Clickers have become quite popular in classrooms at all levels. Unlike a show of hands or holding up index cards, students’ individual responses are not publicly displayed, although they can be recorded on the teacher’s computer. The teacher gets immediate results during the lesson and can modify the learning activities to correct misunderstandings, provide more in-depth examples or explanations, or move on to the next activity.
In a high school class I visited, the teacher was conducting a lesson in which students were solving chemistry problems. The teacher used a variety of instructional techniques, including a graphic organizer and guided practice at the interactive board. When the students indicated they understood the concept, the teacher displayed several problems on the board. The students did the calculations and entered their answers via the clickers. The teacher displayed a graph showing the percentage of students who entered the correct answer. Everyone had the first two answers correct, but several students missed the third one. He used the clicker software to display the number of students who chose each response and noted that one of the incorrect answers had been chosen by quite a few students. He then asked the class to figure out why that answer, although incorrect, was popular. After some thought, one student volunteered, “Maybe they thought Ca stood for carbon and they used the wrong atomic mass.” “That’s what I did,” another student remarked, and so the class experienced not just getting an answer correct, but figuring out the thought processes involved. The teacher knew he could move on to more complicated formulas, and the students were ready for the challenge.

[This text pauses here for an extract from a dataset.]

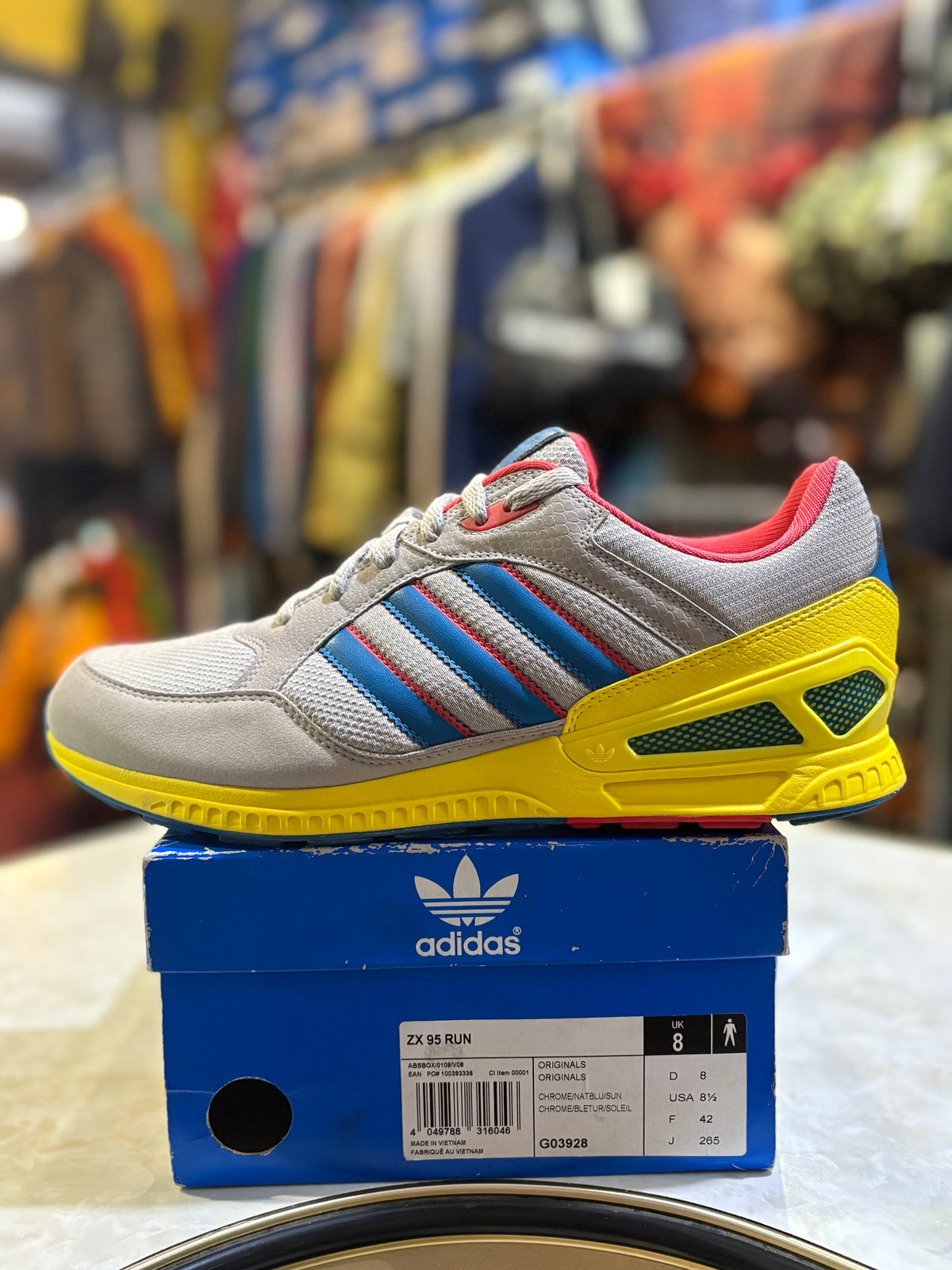 Adidas ZX 95 Run G03928 grey with blue stripes and yellow sole, UK 8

In this class, the clicker system and its software was a component of the interactive board. The clickers were in a storage case, and as the students came into the lab, they retrieved the clicker assigned to them by number. The teacher had a record of responses, and although he did not “grade” these lesson checkups (formative assessments), he could monitor the progress of individual students from one lesson to the next
A middle school math colleague used clicker data to determine which students needed additional help. He worked with those students—re-teaching or providing more guided practice while the others worked on more challenging topics. He certainly could have used a paper-and-pencil quiz, but the immediate feedback gave him more time for the alternative instruction rather spending it checking more than 100 quizzes. He also used clickers for pre- and post-tests to show the students their progress.

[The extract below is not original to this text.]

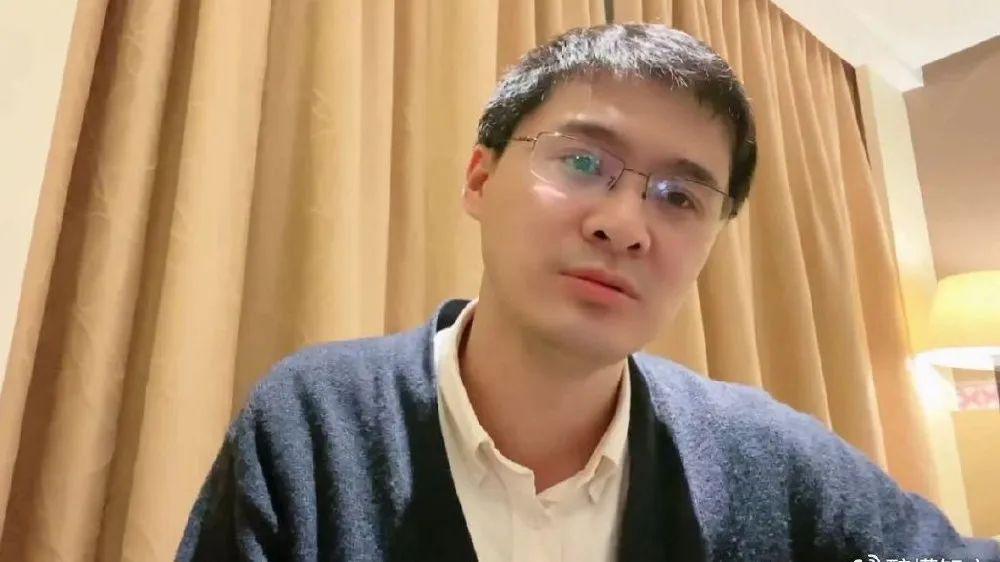 德约已在温网男单豪取105胜，追平费德勒并列公开赛时代第一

Many college classes use clickers (see the two references at the end), and I’ve used clickers with third-graders who caught on very quickly. I’ve also used them to gather feedback during professional development workshops and at parent meetings to compile their opinions in an attitude survey.

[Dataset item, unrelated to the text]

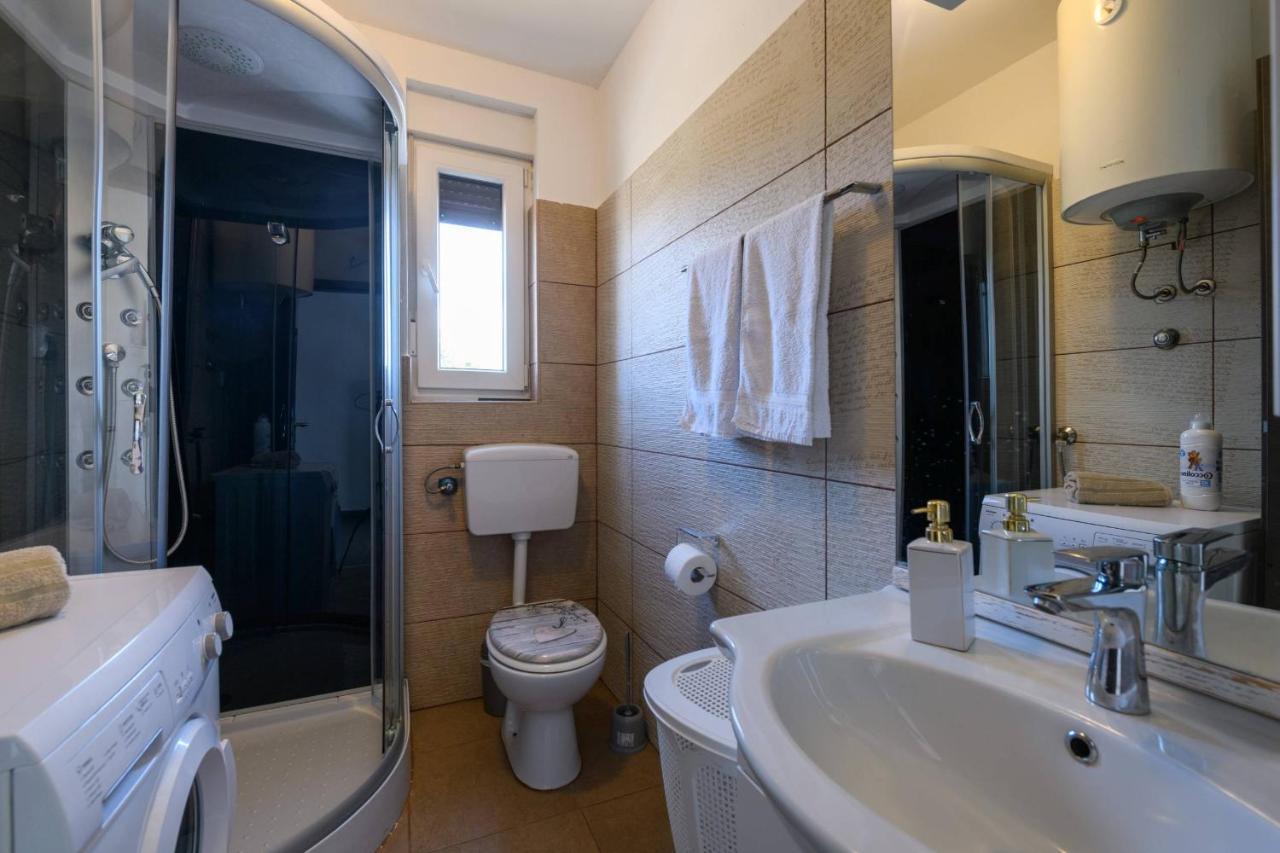 Villa Bobo Family House With Pool à Vodnjan Extérieur photo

In one project I was involved with, the classrooms did not have interactive boards. The system was portable, with a remote receiver connected to a laptop. A projector displayed the questions. It was a lot of equipment to set up, but we could use it in different venues.
There are many systems to choose from, ranging from simple numeric keypads to more complicated options for entering data. Ask your technology coordinator for input on what system would meet your instructional needs and your school’s technology capabilities. Other questions to consider: Is the system compatible with the test generator/test bank you have? How easy is it to import or copy/paste questions? Can graphics be included in the questions? What kind of analyses does the software perform beyond calculating the percent correct—simple statistics (mean, standard deviation, median), graphs, or an item analysis? Can you export the data into Excel or other statistical programs? Does it produce reports for individual students as well as class summaries? When you’ve narrowed your choices, ask other teachers about their experiences, including teachers in the NSTA Communities (you’ll get a lot of information from your online colleagues).
Regardless of what system you ultimately decide on, it does take class time to administer the questions. You’ll have to adapt or create questions related to the concepts and skills being learned. The systems lend themselves to multiple-choice format (including true/false questions) and would not be useful for open-ended questions or more creative solutions, although I’ve seen ways to capture text messages from cell phones or other devices that sound intriguing.
The clickers by themselves are not a solution to improving student learning. Much depends on the quality of questions that are presented and what the teacher and students do with the results. The clickers can be an expensive, high-tech “quiz machine” or they can be an integral part of a teacher’s strategies to improve participation, determine students’ misconceptions and misunderstandings, and adjust instruction to help all students learn.